Reaper seems cool; I would be happy if I could get Audacity working again even, but I think I'm interested in reaper. Reaper recognizes the US-122 as an "audio system" audio device under preferences and lets me select it as WDM kernel streaming, directsound, or waveout but not ASIO or "wasapi". I can also choose 16, 24 or 32 bit. This might as well be Cherokee to my ear, as I am 92% clueless in this arena. Which one of these systems should I use, assuming my problem is as simple as the wrong mic or something, or otherwise unrelated to the choice here? Should I used 32 bit because it's the highest, or 16 because the Us-122 is an older machine?
What exactly is my problem here, aside from antiquated stuff (I do not have this thing that you call "money")? Is my mic just not putting out enough? There is a phantom power switch on the US-122 to send power to a condenser mic, but I don't really know if this is one or not, or what a condenser mic is specifically. Turning the switch on adds a lot of noise to the signal without really increasing the "hotness" of the mic; it works either way but not enough to make a dent in a track that's recording. The program IS listening to the Tascam, I think, because if I fiddle with knobs and switches I can sometimes get a quick peak from flicking a switch. There are mic in ports, but I do not have a three-prong mic right now (the ampro is 1/4). Is that my main problem? I just want to record acoustic instruments (violin, melodica, acoustic guitar, small percussion items, chord organ) or mic'ed electric guitar amp in some basic multitrack setting. In a minute I can try electric guitar line out from the amp into one of the Line /guitar in ports. The documentation says they have balanced impedance or something, so you can use a line from an amp and presumably NOT blow a smoking hole in it like I did with my Soundblaster 16 back in the day (goodbye sound in commander Keen and Doom.exe).
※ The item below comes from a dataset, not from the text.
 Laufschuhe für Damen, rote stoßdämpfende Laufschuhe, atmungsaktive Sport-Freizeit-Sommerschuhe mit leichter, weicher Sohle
Ok, no smoking hole. If I run a line out from my amp (just a marshall practice amp, again, poor - into the line/guitar in port on the us-122, i get signal LED activity and can hear it through the headphone jack. It's not loud even with everything turned all the way up, though, and the recording issue is the same - not even a jump on the levels UNLESS I turn my amp up all the way (just for a second, it IS five AM here), in which case I get a very minor fluctuation in the "armed track" in reaper (not the main horizontal line showing levels as you record, but the small vertical track itself. A little bit of orange blippery appears at the bottom of it, in the -35 DB range. I have tried this while wearing pants and also pantless and the results seem about the same.
One more issue: this laptop has some foolish program called "realtek HD audio manager" which appears to be integrated. Could that be messing with my settings somehow? I have it as turned off as I can get it, but the icon still appears in my tray.
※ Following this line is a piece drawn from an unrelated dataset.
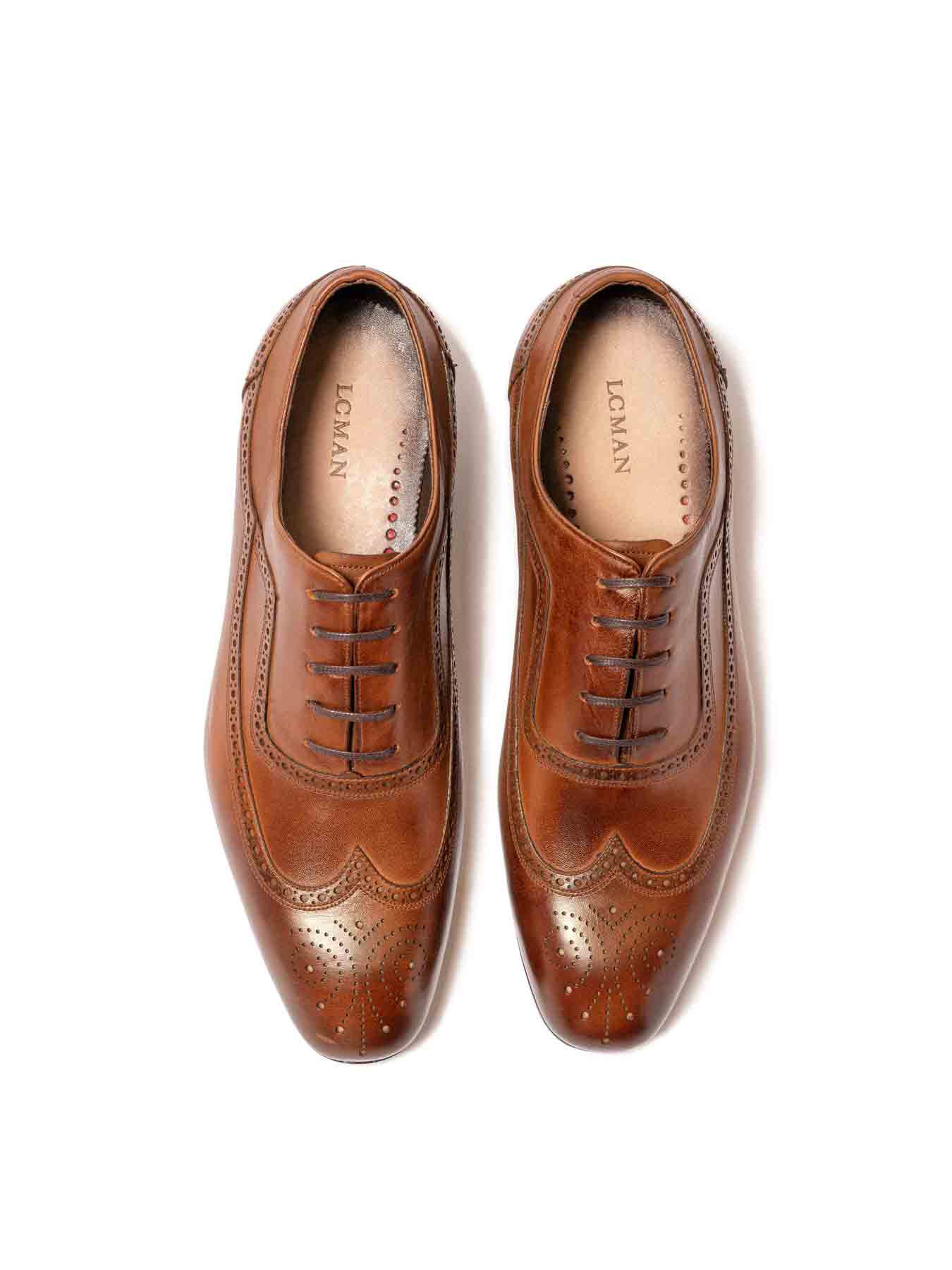 کفش چرم بنددار هشت ترک عسلی ال سی من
I also don't have a working battery for this laptop, so I get interference from the power brick when it's plugged in, which is a pain, but I'm not sure what else to do about that. Just suck it up and buy one, I guess; but I might be better off saving up for a newer laptop. This one has a billion other issues. I can't really afford a new laptop right now. I digress.
Do I need to hook the line outs (rca) into the computer with some other device? Don't think so. I assumed the USB connection was what was actually carrying the data into a program. All I have is that Behringer, which I don't think would work since the Tascam is like the selected audio device; you can't have two going at once. I assume the line outs are for monitors or some device not attached to the computer. Why is my signal so quiet?
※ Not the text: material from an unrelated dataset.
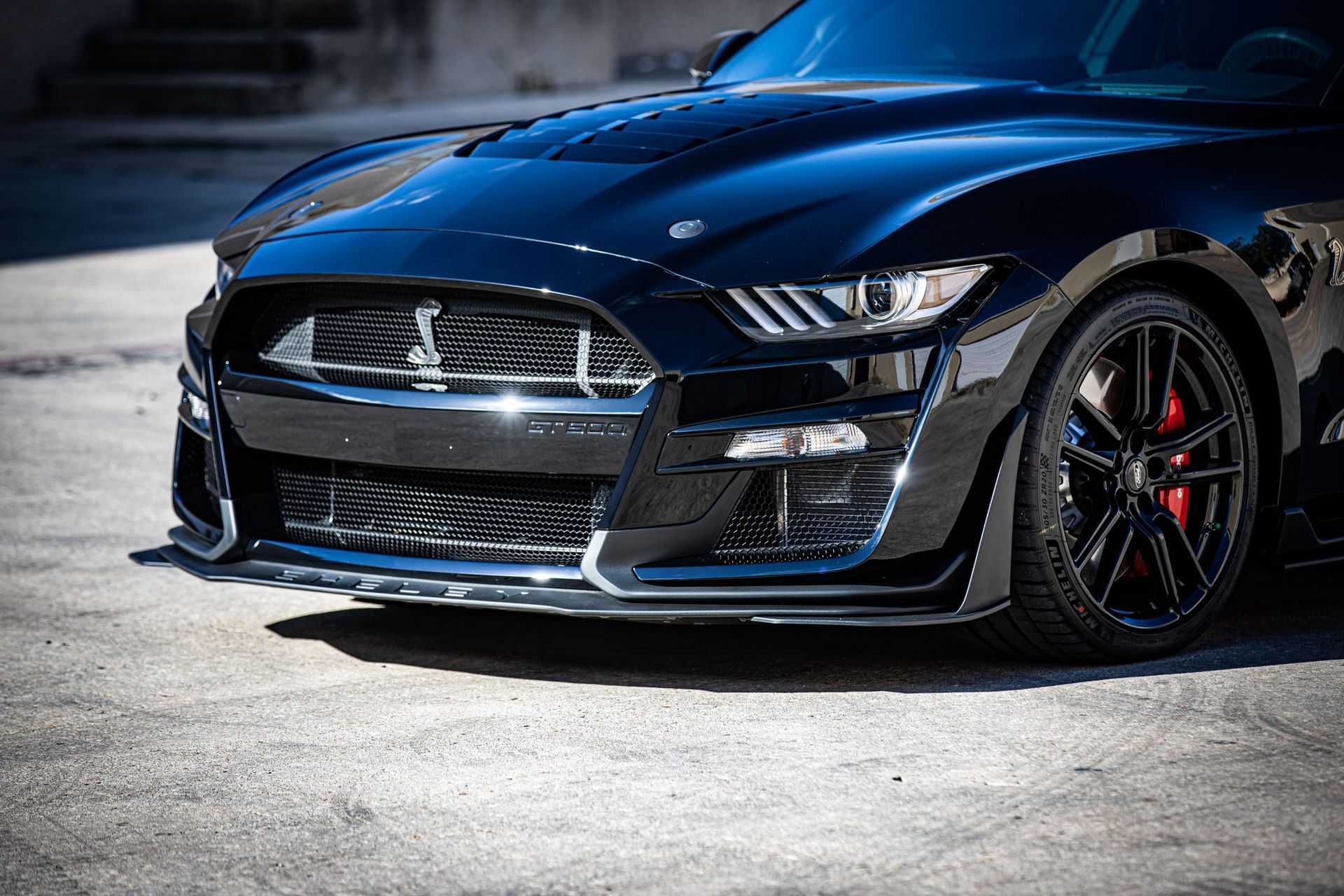 Black Shelby GT500 sports car, parked outdoors, with a low profile.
Thanks in advance to anyone who climbed this textwall and extra thanks to anyone who can offer suggestions.
Adjutant Asafoetida, post: 375526 wrote: Reaper recognizes the U
ASIO is the one you want. Download the US-122 ASIO drivers and install them, then select those ASIO drivers in Reaper's preferences.
You will also need to arm a Reaper track, select the relevant input and (if you want to hear the input signal through Reaper's mixer as you record) turn on monitoring.